We drink it in sushi bars, where it's served in ceramic cups at tea-like temperatures under samurai swords and kimonos on the wall. Rice wine, as we erroneously call it, does seem to go well with raw tuna and nori rolls, no? Ladies and gentlemen, this is what most Americans know about sake.

But that's changing now as a growing number of specialty bottle shops and sake tasting bars across the country spring into business and reveal the huge diversity of flavors, colors and styles to be found in this favored table tipple of Japan. Sake, which is brewed from rice by methods similar to those of brewing beer, is often stunningly aromatic. Many sakes smell of tropical fruits, melons, flowers and citrus—and the fact that such a sensory storm is born in a kettle of pure white rice may be mind-blowing. In the mouth, sake is often smooth, soft and seductive, without the acidic bite of wine or the bitterness of beer, and the flavors are as sensual as the smells.

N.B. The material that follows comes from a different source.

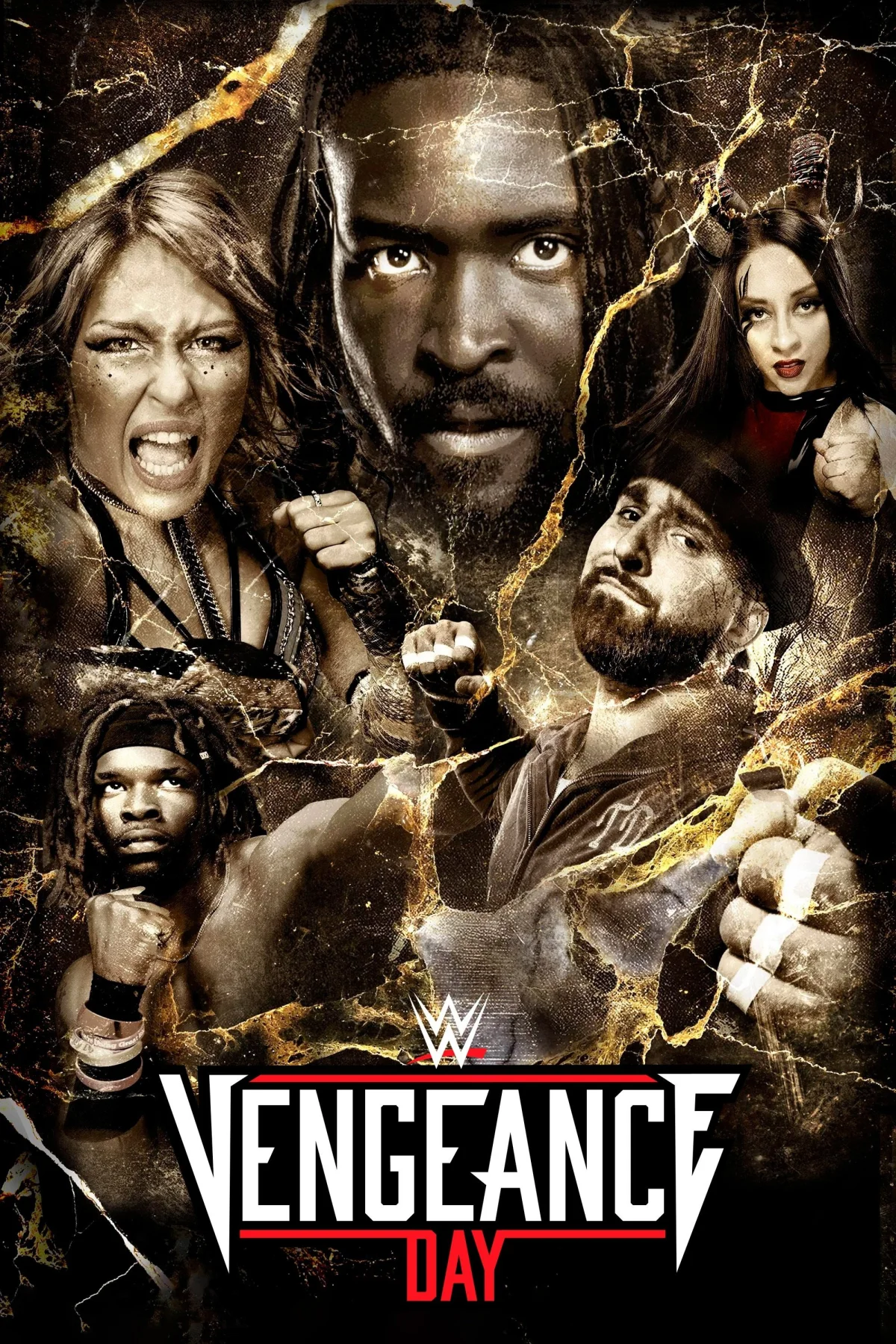 NXT Vengeance Day (2025) poszter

Enjoying sake, then, may be the easy part. Understanding it is less so – though sake's history is fairly straightforward: It was first made in China about 4,000 years ago and eventually found its way to Japan. Only here did brewers hone the making of sake into an art, a science and a tradition—over time a wide variety of sake styles emerged through the use of varying regional techniques, and many still remain.

There is sake fortified with a punch of distilled ethanol and tarusake, which is kegged for a short time in fragrant cedar barrels. There is koshu sake, aged for years to develop nutty, chocolaty, buttery flavors. And there is nigori, or unfiltered sake, sparkling sake and fresh seasonal sake, unpasteurized and usually consumed immediately after brewing, called namazake, and many more.

Not just any rice will do for brewing sake. Special varieties, treated much the way vintners do their wine grapes, are grown in Japan exclusively for use in brewing. The rice is always milled prior to brewing (brown rice sake is virtually nonexistent because, frankly, it tastes funky), and, generally speaking, the more the rice is milled, the better the sake – or at least the more expensive. Junmai-shu grade sake is at the lower end of the ladder. It's made from rice kernels polished to about 70 percent their starting size. Ginjo-shu grade uses rice polished to about 60 percent the starting kernel size. And the finest sakes of all are daiginjo-shu, made from tiny pearls of rice polished away to half their starting size or smaller.

While an increasing number of sake breweries are appearing in America, the best sake still comes from Japan. Prices can be steep, with most standard 720 ml bottles going for at least $20, though mini bottles are common and provide a more affordable opportunity to taste one's way across the spectrum. Still, walking into a bottle shop can be daunting. Bottles – as well as cans and foil pouches – are crisscrossed with the ornate lettering of the Japanese language, and with so many sakes to choose from, where does one start? It's hard to go wrong, as virtually no imported sake will put you off. Certainly, though, some are more interesting than others, and here are a few suggestions to help ease you into the world of rice wine. Sake, that is:

  • Kiku-Masamune Brewing Company Taru-Sake. 300 ml ($6)

Soaked in cedar barrels for just several weeks, this tarusake is redolent of a mossy forest floor and freshly cut lumber. Beneath the wood scent is complex blend of vanilla, nougat, and fruit flavors.

  • Kamoizumi Brewing Company Red Maple Namazume Unpasteurized. 720 ml ($33)
  • Although a "fresh" and seasonal unpasteurized brew, this 18-percent ABV namazake has been aged for two years, in which time it has developed delicious scents of chocolate, raisin, and hazelnut. The taste is of fudge and caramel, and it goes down as smoothly as butter.

  • Choryo Shuzo Brewing Company Sawa Sawa Sparkling Sake 250 ml ($6)
  • Just 8- to 9-percent ABV, this sparkling sake is unfiltered, and a dusting of sediment hugs the bottom of the bottle – so shake before drinking to get all the good stuff. The Sawa Sawa smells fruity and musky – but in a good way – and with a familiar but vague aroma that is, simply put, "ricey."

  • Ichishima Ginjo Koshu, Aged Five Years. 720 ml ($75)
  • Solitary confinement in steel tanks will do dramatic things to a sake, and in this ginjo-shu grade brew there remains only a faint whisper of the clean and perfumey fruitiness of youth. More prominent are the rich aromas and flavors of pine nuts, chocolate, chestnuts, and wood smoke, all layered upon each other through five years of aging.